General Santierra schwieg einen Augenblick, als er sah, wie sich unter seinen Zuhörern Überraschung und Neugierde zeigten.

»Jawohl – englische Marineoffiziere«, wiederholte er. »Ruiz hatte eingewilligt, sie zu empfangen, um wegen der Freilassung einiger Gefangenen ihrer Nationalität zu verhandeln. In dem Gebiet, das er beherrschte, von der Meeresküste bis zu den Kordilleren, lag eine Bai, in der die Schiffe jener Zeit, nach der Fahrt um das Kap Horn, anzulegen pflegten, um Holz und Wasser einzunehmen. Da hatte er die Besatzung an Land gelockt und zunächst die Walfischfängerbrigg ›Hersalia‹ und später noch zwei weitere Schiffe überrumpelt und gekapert, ein englisches und ein amerikanisches.

Damals ging das Gerücht, daß er daran dachte, sich eine eigene Flotte zu schaffen. Doch das war natürlich unmöglich. Er bemannte jedoch die Brigg mit einem Teil ihrer eigenen Besatzung, schickte einen Offizier und eine beträchtliche Schar seiner eigenen Leute an Bord und sandte sie zu dem spanischen Gouverneur der Insel Chiloé mit einem Bericht über seine Taten und der Bitte um Beistand in dem Krieg gegen die Rebellen. Der Gouverneur konnte nicht viel für ihn tun: schickte ihm aber, als Antwort, zwei leichte Feldgeschütze, einen schmeichelhaften Brief mit der Ernennung zum Obersten der königlichen Truppen und eine spanische Flagge. Diese wurde mit großem Pomp an seinem Haus mitten im Araukoland gehißt. Damals mag sein Weib wohl ihrem Guassogemahl mit einer weniger hochmütigen Zurückhaltung zugelächelt haben.

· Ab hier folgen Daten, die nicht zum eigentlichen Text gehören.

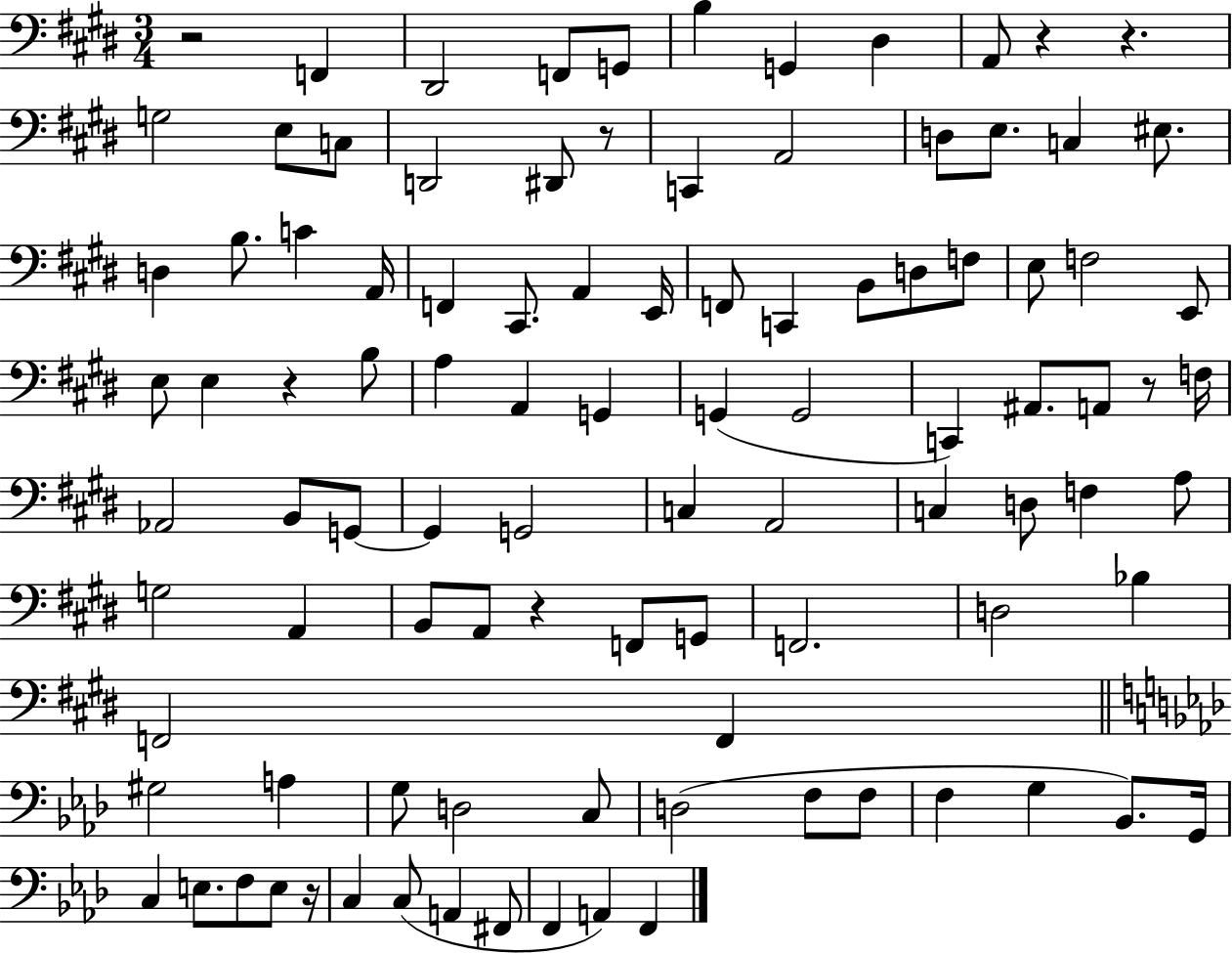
{
  \clef bass
  \numericTimeSignature
  \time 3/4
  \key e \major
  r2 f,4 | dis,2 f,8 g,8 | b4 g,4 dis4 | a,8 r4 r4. | \break g2 e8 c8 | d,2 dis,8 r8 | c,4 a,2 | d8 e8. c4 eis8. | \break d4 b8. c'4 a,16 | f,4 cis,8. a,4 e,16 | f,8 c,4 b,8 d8 f8 | e8 f2 e,8 | \break e8 e4 r4 b8 | a4 a,4 g,4 | g,4( g,2 | c,4) ais,8. a,8 r8 f16 | \break aes,2 b,8 g,8~~ | g,4 g,2 | c4 a,2 | c4 d8 f4 a8 | \break g2 a,4 | b,8 a,8 r4 f,8 g,8 | f,2. | d2 bes4 | \break f,2 f,4 | \bar "||" \break \key f \minor gis2 a4 | g8 d2 c8 | d2( f8 f8 | f4 g4 bes,8.) g,16 | \break c4 e8. f8 e8 r16 | c4 c8( a,4 fis,8 | f,4 a,4) f,4 | \bar "|."
}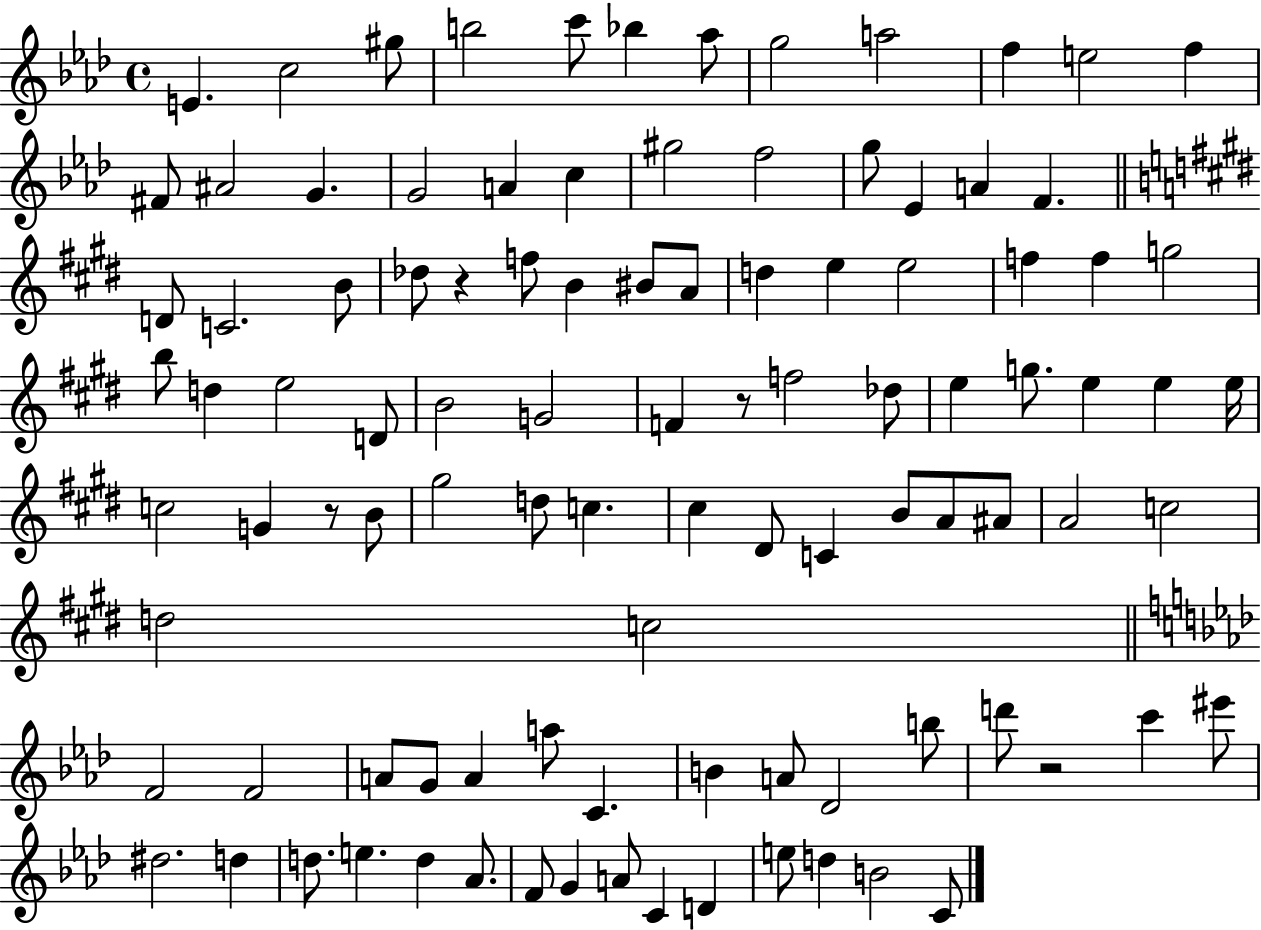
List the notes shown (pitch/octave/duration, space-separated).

E4/q. C5/h G#5/e B5/h C6/e Bb5/q Ab5/e G5/h A5/h F5/q E5/h F5/q F#4/e A#4/h G4/q. G4/h A4/q C5/q G#5/h F5/h G5/e Eb4/q A4/q F4/q. D4/e C4/h. B4/e Db5/e R/q F5/e B4/q BIS4/e A4/e D5/q E5/q E5/h F5/q F5/q G5/h B5/e D5/q E5/h D4/e B4/h G4/h F4/q R/e F5/h Db5/e E5/q G5/e. E5/q E5/q E5/s C5/h G4/q R/e B4/e G#5/h D5/e C5/q. C#5/q D#4/e C4/q B4/e A4/e A#4/e A4/h C5/h D5/h C5/h F4/h F4/h A4/e G4/e A4/q A5/e C4/q. B4/q A4/e Db4/h B5/e D6/e R/h C6/q EIS6/e D#5/h. D5/q D5/e. E5/q. D5/q Ab4/e. F4/e G4/q A4/e C4/q D4/q E5/e D5/q B4/h C4/e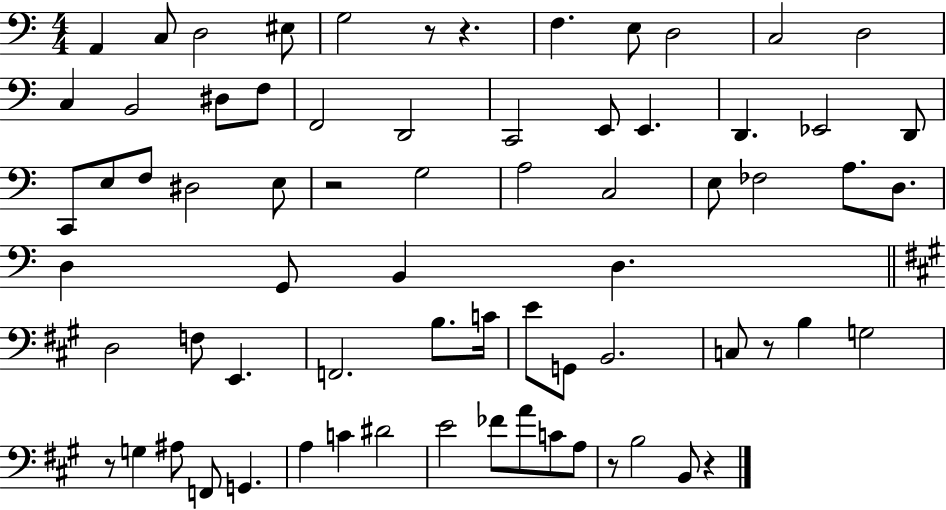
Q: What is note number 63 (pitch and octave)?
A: B3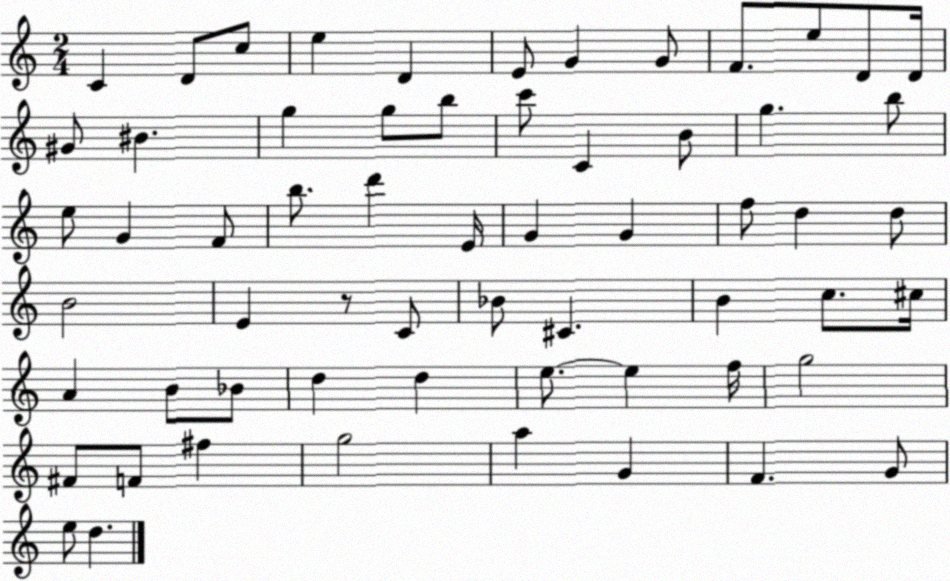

Der rangälteste Offizier des englischen Geschwaders an unserer Küste machte unserer Regierung wegen dieser Kapereien Vorwürfe. Doch Gaspar Ruiz lehnte es ab, mit uns zu verhandeln. Dann fuhr eine englische Fregatte nach der Bai, und der Kapitän, der Doktor und zwei Schiffsleutnants reisten mit freiem Geleit ins Innere. Sie wurden gut aufgenommen und waren drei Tage lang die Gäste des Bandenführers. In seiner Residenz herrschte ein gewisser barbarisch kriegerischer Prunk. Die Einrichtung stammte aus den Plünderungen der Grenzstädte. Als sie zum ersten Male in die Sala geführt wurden, sahen sie sein Weib auf einem Ruhelager (sie befand sich damals nicht wohl), zu dessen Füßen Gaspar Ruiz saß. Sein Hut lag auf dem Boden, und seine Hände ruhten auf dem Säbelgriff.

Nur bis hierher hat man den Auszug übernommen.